BEGIN Dataset excerpt

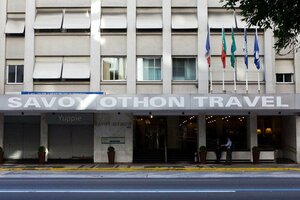 Гостиница Savoy Othon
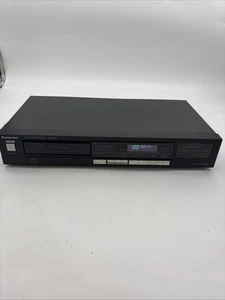 Schöner Vintage 80er Panasonic SL-P3500 CD Player Compact Disc Japan getestet funktioniert - Bild 1 von 10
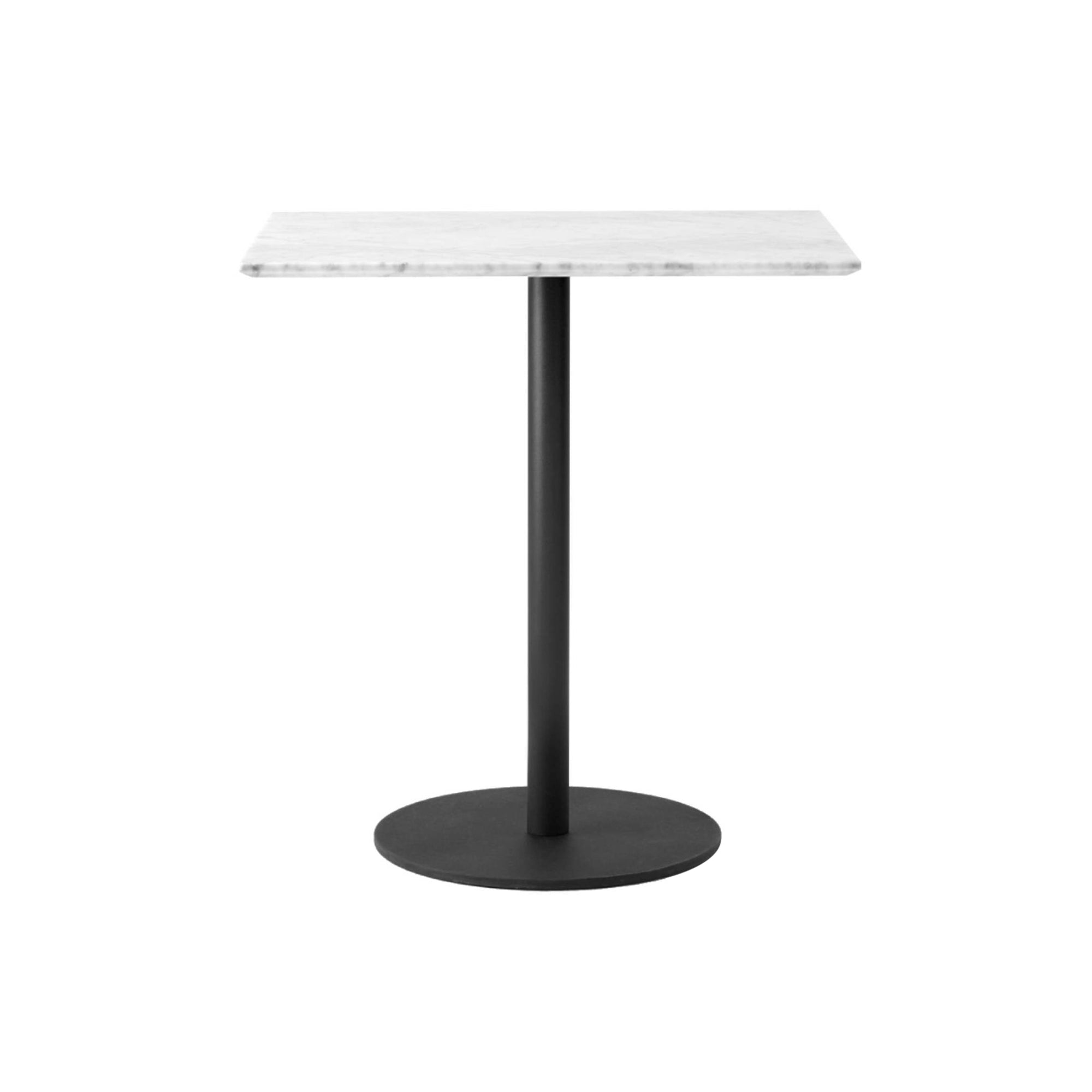 In Between Center Table: SK16 + SK21
 + Counter (SK16) + Matt Black + Bianco Carrara Marble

END Dataset excerpt

What you should do
Retype the data exactly as it stands, but keep the images out of your copy.

Answer to this exercise
 Гостиница Savoy Othon
 Schöner Vintage 80er Panasonic SL-P3500 CD Player Compact Disc Japan getestet funktioniert - Bild 1 von 10
 In Between Center Table: SK16 + SK21
 + Counter (SK16) + Matt Black + Bianco Carrara Marble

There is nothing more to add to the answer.